Problem to work on >> An exact copy of the data is needed, one that excludes all pictures.

Given information >>
────────────────────────────────────────

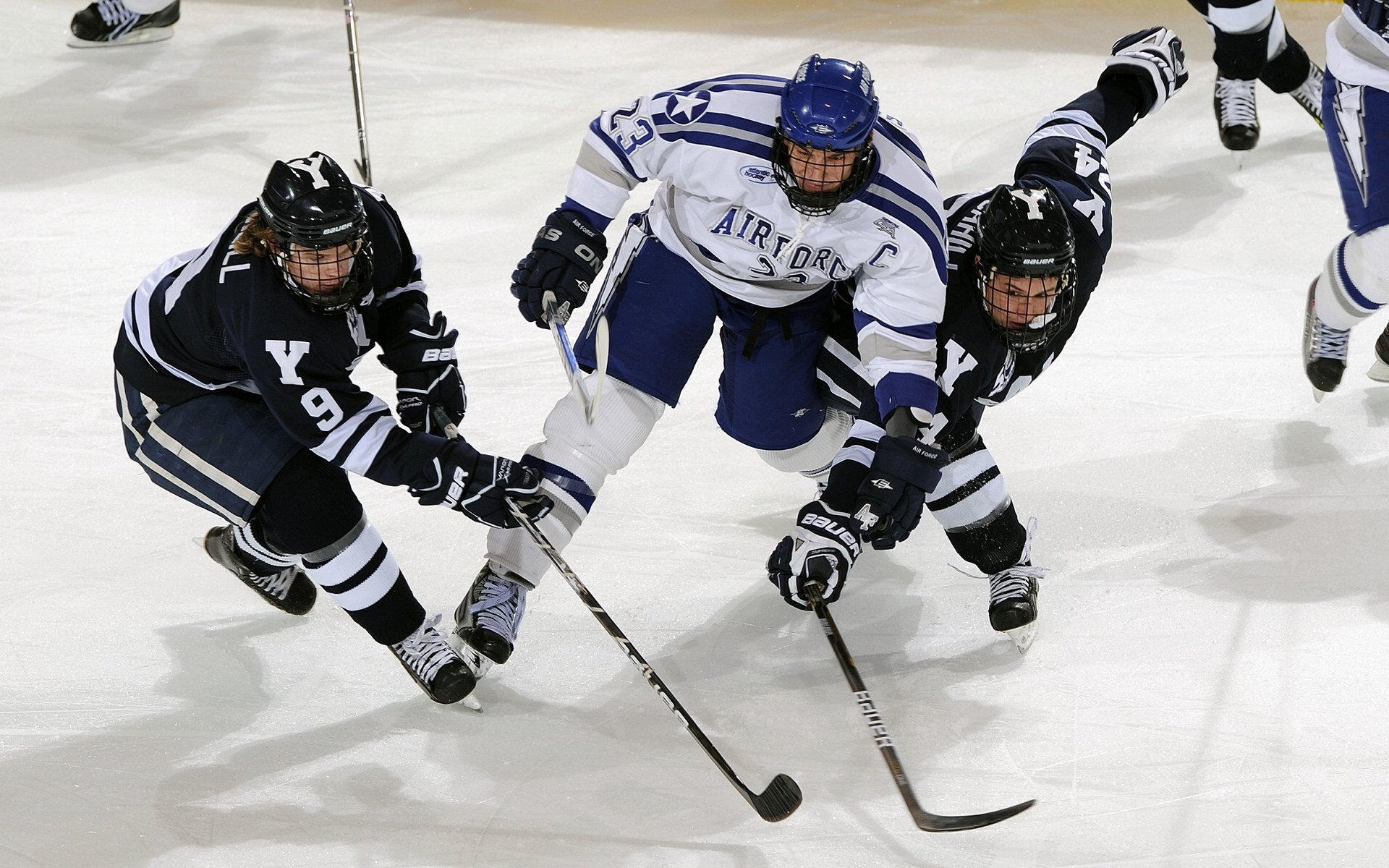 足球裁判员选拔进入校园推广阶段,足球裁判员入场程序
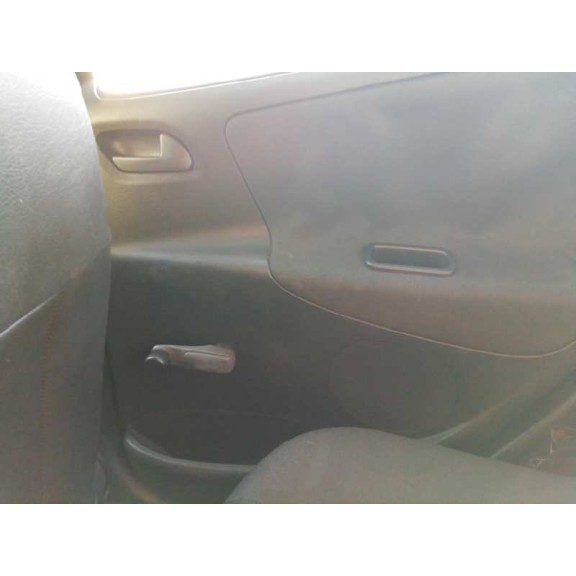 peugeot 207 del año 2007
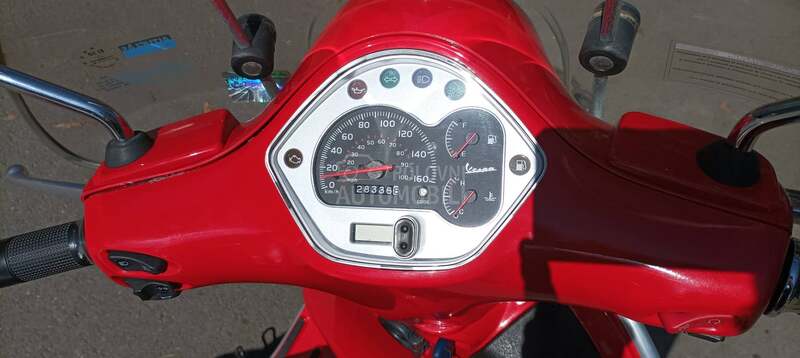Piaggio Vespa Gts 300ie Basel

────────────────────────────────────────

Reply >>
 足球裁判员选拔进入校园推广阶段,足球裁判员入场程序
 peugeot 207 del año 2007
Piaggio Vespa Gts 300ie Basel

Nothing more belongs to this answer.